Action and Entrance

Action and Entrance

Description

A lovely simple way of starting scenes and very helpful for people doing longer scenes for the first time.

One person enters the stage and starts doing an activity. Someone else then enters the stage with an emotion and establishes a relationship with the other actor.

Make sure the first move is not to criticise the activity.

Tips

Become totally involved in the activity, believe in the reality of what you are doing. The focus should be on your activity and believing it is real, not on waiting for your scene partner to come in (as your character doesn’t know someone else is about to enter). Give the objects width and weight as they would in real life.

If playing second character entering the stage try to bring an emotion or attitude on stage with you. It’s like your character has come from somewhere else, they don’t just enter the stage cold, as they have already been living off stage.

Once together in the scene focus on the relationship, you don’t actually have to talk about the physical activity. For instance when people are washing up together they are rarely talking about the actual washing up, they will instead be talking about something between them.

The activity establishes the location, the dialogues establishes the relationship.

Variations

Decide if you are good or bad at doing the activity.

Decide if you love or hate doing the activity.

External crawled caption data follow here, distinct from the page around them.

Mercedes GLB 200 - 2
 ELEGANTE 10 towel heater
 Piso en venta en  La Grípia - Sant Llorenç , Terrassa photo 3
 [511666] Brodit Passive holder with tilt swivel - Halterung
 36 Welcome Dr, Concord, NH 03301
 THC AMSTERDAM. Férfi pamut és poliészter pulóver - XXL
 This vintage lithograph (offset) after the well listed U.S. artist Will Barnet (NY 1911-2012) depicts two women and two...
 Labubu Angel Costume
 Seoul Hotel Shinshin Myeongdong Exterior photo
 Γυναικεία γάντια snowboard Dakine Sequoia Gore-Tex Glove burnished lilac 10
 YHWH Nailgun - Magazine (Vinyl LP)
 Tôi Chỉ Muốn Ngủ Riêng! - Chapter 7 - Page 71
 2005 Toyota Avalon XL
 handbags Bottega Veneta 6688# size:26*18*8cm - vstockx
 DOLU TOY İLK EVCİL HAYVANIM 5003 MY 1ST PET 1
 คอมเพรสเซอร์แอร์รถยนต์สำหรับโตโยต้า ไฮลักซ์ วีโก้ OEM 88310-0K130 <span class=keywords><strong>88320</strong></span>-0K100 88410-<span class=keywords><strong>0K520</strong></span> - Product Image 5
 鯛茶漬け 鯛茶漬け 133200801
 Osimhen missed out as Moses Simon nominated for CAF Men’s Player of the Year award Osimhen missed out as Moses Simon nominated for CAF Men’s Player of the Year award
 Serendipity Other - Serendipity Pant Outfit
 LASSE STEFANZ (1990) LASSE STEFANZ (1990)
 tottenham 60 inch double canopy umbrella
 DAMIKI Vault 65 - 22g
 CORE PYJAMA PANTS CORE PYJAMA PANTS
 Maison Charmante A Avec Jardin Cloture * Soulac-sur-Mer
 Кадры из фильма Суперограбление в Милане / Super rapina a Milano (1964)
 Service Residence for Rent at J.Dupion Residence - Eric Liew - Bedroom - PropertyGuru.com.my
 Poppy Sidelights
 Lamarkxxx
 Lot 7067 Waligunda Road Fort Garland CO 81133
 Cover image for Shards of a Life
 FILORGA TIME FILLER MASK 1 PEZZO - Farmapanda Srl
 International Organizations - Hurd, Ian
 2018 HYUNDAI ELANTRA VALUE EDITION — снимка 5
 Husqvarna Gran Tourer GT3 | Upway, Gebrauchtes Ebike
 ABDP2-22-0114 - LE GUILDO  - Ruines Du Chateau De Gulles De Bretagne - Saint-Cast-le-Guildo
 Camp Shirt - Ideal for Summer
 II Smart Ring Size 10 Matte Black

When entering the stage experiment with different emotions to enter with, especially base emotions like happy, sad, fearful, angry.

Purpose

  • Longer scenework.
  • Believing the scene is real.
  • Establishing location.
  • Establishing relationship.
  • Using emotions.
  • Character.
  • Object work.
  • It deliberately creates an environment where mistakes are very likely, but nothing bad happens and we learn to have fun in the failure.
  • It’s also a commitment game, and we encourage people to go for it even when they might get something wrong.